Around the Jewish World: Liberal Jews Seek Support, Solutions in Central America

SAN JOSE – Proving that Jewish solidarity can flourish in a most unlikely place, a little-known alliance of liberal Jewish congregations has emerged in Central America.

Eager to share their experiences, representatives from congregations throughout the region converged on Costa Rica’s capital last month to participate in the annual meeting of the Union of Liberal Jewish Congregations from Central America and the Caribbean.

The union – whose liberal congregations correspond to the U.S. Reform movement and other alternatives to Orthodoxy – was formed with the goal of forging Jewish connections in countries where pockets of Jews are struggling for recognition and, in some cases, survival.

“We often feel like the poor, forgotten relative compared to some of the wealthy communities with such abundant resources,” said Martha Lichtenstein, the union’s incoming president, who hails from Aruba. “This gives us a voice.”

The union – which includes representatives from Aruba, Cuba, Costa Rica, El Salvador, Honduras, Jamaica, Nicaragua, Panama and Puerto Rico – has gained surprising momentum since its inception in Costa Rica four years ago.

What began as an informal meeting among four countries has blossomed into a weekend event involving hundreds of Latin American Jews, including native sons, transplants from other countries and a substantial number of converts.

Four more Jewish communities – in the Dominican Republic, Ecuador, the Bahamas and Bermuda – have expressed interest in sending representatives to next year’s event, tentatively scheduled for Jamaica in January.

Blending cultural, academic and religious elements, this year’s conference featured a series of workshops and discussions, interspersed with Friday night services, a Saturday night gala dinner and the election of a new board of directors.

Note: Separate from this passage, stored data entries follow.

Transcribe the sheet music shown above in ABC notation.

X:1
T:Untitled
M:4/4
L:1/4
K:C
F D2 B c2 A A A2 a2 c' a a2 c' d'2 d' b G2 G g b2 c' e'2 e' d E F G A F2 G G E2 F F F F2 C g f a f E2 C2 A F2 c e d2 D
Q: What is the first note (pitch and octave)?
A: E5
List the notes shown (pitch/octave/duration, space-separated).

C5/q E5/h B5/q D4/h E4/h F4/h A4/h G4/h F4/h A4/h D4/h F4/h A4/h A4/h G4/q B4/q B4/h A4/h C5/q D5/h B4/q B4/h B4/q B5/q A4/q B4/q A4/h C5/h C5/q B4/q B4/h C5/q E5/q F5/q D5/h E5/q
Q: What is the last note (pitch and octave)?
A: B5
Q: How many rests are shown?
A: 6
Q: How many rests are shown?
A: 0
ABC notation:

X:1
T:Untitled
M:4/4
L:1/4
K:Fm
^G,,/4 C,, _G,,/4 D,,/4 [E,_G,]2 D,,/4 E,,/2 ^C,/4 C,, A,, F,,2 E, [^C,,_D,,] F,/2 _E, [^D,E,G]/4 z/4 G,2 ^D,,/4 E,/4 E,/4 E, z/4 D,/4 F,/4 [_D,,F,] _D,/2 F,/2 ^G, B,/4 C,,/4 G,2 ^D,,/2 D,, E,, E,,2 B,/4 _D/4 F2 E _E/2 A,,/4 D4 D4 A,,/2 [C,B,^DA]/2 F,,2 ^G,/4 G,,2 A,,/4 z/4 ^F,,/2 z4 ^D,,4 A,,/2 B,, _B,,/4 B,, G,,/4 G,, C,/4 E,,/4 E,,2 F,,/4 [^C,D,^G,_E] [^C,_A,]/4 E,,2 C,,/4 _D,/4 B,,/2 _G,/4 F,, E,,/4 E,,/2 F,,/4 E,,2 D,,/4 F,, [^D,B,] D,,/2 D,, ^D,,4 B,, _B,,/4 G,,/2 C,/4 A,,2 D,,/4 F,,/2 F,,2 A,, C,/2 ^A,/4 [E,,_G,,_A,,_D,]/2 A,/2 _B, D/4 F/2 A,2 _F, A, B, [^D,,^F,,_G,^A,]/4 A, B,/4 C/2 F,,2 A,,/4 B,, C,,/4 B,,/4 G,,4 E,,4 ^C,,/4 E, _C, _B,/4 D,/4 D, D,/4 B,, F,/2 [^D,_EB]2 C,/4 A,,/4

Speakers and special guests included Israel’s ambassador to Costa Rica, Daniel Gal, and rabbis from Central America and beyond.

The conference also drew a representative from the U.S. Reform movement’s Union of American Hebrew Congregations, which the Latin American delegates considered an important step toward worldwide recognition.

According to Angela Sacher, the UAHC’s Miami-based regional outreach director for the southeast United States, there are many similarities between Jewish life in Latin America and the region she normally handles.

“Some of the smaller communities that I work with struggle with the same issues that I have learned about in Costa Rica,” said Sacher, who lent her perspective on topics such as Jewish outreach and assimilation during the conference.

Challenges facing the union are rooted in shared concerns about Jewish continuity in the region.

Some of the touchier topics – among them interfaith marriages, the role of non-Jews in the congregation and whether being “progressive” means permitting gay marriage – are familiar to Reform and liberal Jews throughout the world.

Other issues at the conference – such as networking via the Internet in places where technology is hard to come by – are unique to areas with severely limited resources.

Some community representatives said the major hurdles they face are a lack of finances, inadequate resources for Jewish education and the inability to find or afford ordained rabbis.

Many of the congregations rely not on rabbis but on “spiritual leaders,” whose ability to perform certain life-cycle ceremonies is sometimes questioned in the community.

As a result, many of the congregations are looking for rabbis.